We are heading towards a society without work. The first people to experience that society are the long-term unemployed and the unemployed older workforce. If we don’t find a way to treat them as full citizens, and to ensure they can engage in society as full citizens – with accompanying salaries and bonuses – we need to realize that sometime in the future we are going to be living in a society with a very small number of wealthy workers and a very large number of poor unemployable people. Such a society is not sustainable, and in some ways, if the rhetoric about his voters is true, Trump is a sign of what will happen to us if we don’t deal with this issue.

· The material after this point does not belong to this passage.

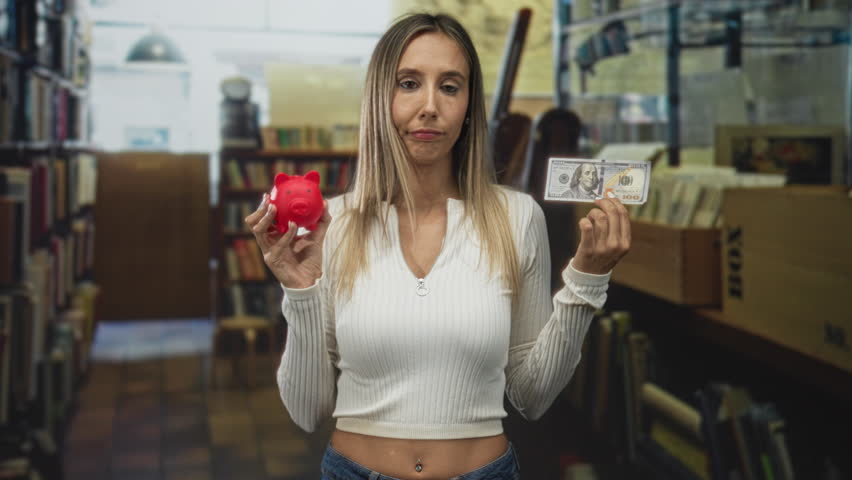 Woman holding red piggybank and hundred dollar banknote while standing in building with bookshelves visible; financial indecision.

Technology is intended to liberate us from labour. We call them labour-saving devices for a reason. But ultimately we need to recognize that once you have liberated a certain number of people from labour, you have created a new, non-working society, and you need to find a way to manage it. We want a post-scarcity society, not a post-happiness society. So let’s start thinking about ways to reward people for a lifetime of labour, rather than punishing them for picking the wrong industry 40 years ago.